Mortgage Daily

Published On: June 26, 2012

While overall reports from banks and credit unions about suspicious financial activity have increased by 10 percent over the past year, the reports related to mortgage fraud tumbled by nearly a third. But activity still remains over-inflated compared to four years ago.

From Jan. 1 until March 31, depository institutions filed 205,301 Suspicious Activity Reports.

That wasn’t much different than the 204,043 SARs filed during the last three months of last year. The change, however, was more significant when compared to the 186,331 SARs filed in the first-quarter 2011.

The findings were described in the first-quarter Mortgage Loan Fraud Update from the Financial Crimes Enforcement Network.

Filings tied to mortgage lending fraud drifted higher to 17,651 from the fourth quarter’s 17,050.

Mortgage fraud SARs, however, showed a sharp decline from 25,485 in the first quarter of last year.

An analysis of FinCEN data by Mortgage Daily indicates that around $7.141 billion in mortgage loans were associated with first-quarter mortgage fraud SARs filings.

California had the most SARs filings of any state and the highest per-capita rate. The three-worst metropolitan statistical areas in the country — Los Angeles-Long Beach-Santa Ana, Riverside-San Bernardino-Ontario and San Jose-Sunnyvale-Santa Clara — are all part of the Golden State.

Florida ranked No. 2 by volume and No. 3 by per capita. New York’s third position by volume was trailed by Illinois.

Nevada had the second-worst per-capita rate. Arizona was No. 4 and New York was No. 5.

SARs related to mortgage fraud remained elevated compared to the fewer than 8,000 filed in the same period during 2008. But the latest reading has retreated from peak filings of 29,558 in the second-quarter 2011.

Around 44 percent of the mortgage fraud SARs filed in the first quarter were for possible crimes that occurred more than five years ago.

The five-year aging has inflated from the same time last year, when just 17 percent of SARs involved activity more than five years old. Some of the increase in reports from earlier vintages is possibly the result of smaller firms just now being hit with repurchase demands, digging into the loans and discovering and reporting the fraud.

At least 72 percent of reported fraud happened at least four years earlier.

Half of all first-quarter mortgage fraud filings were on amounts that were no more than $250,000, and the share jumped past 80 percent when additionally considering loans up to $500,000.

A sampling of the mortgage fraud SARs filings found that 21 percent involved income fraud. Occupancy fraud was identified in 19 percent of the reports, while employment fraud was suspected 15 percent of the time.

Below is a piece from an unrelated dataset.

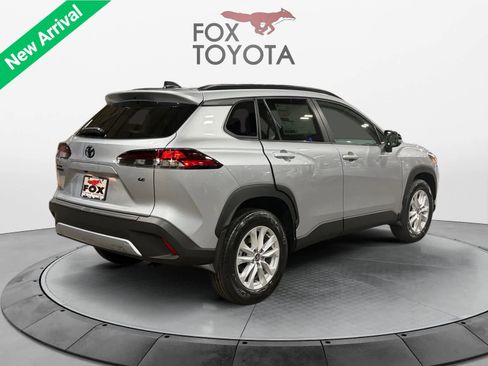 New 2026 Toyota Corolla Cross LE w/ Black Badges Package (TMS) FWD image 5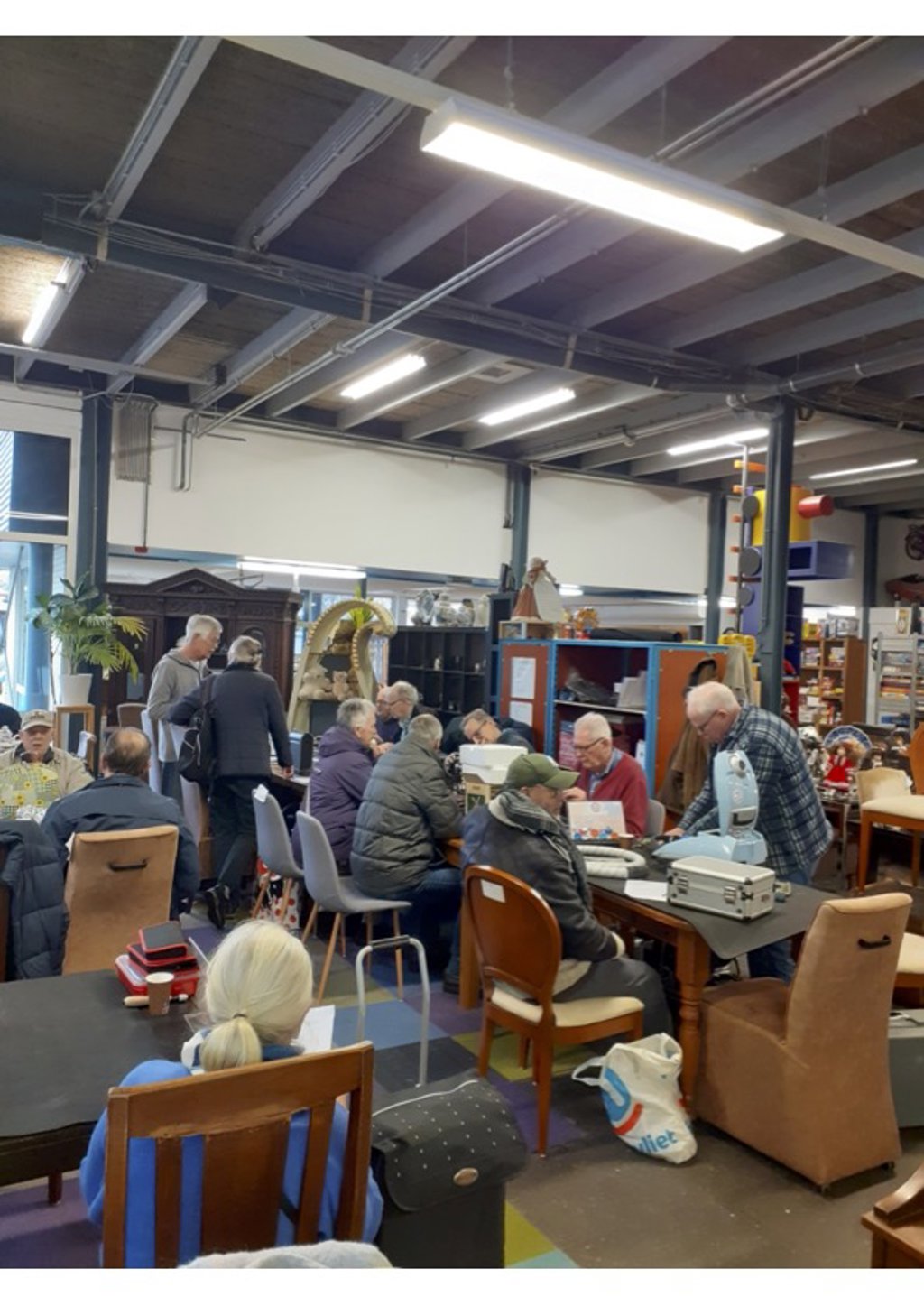 Kringloopwinkel Alphen organiseert 28 maart Repair Café.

“Suspicious activity reports reported to FinCEN are a tremendous tool to flag new criminal techniques, trends and patterns,” FinCEN Director James H. Freis Jr. stated in an accompanying announcement.

Among new schemes cited in the latest report was mortgage fraud involving homeowners insurance fraud.

Another developing scheme has tenants targeting agency real-estate-owned properties to pose as long-term tenants and capitalize on the keys-for-cash program for REOs.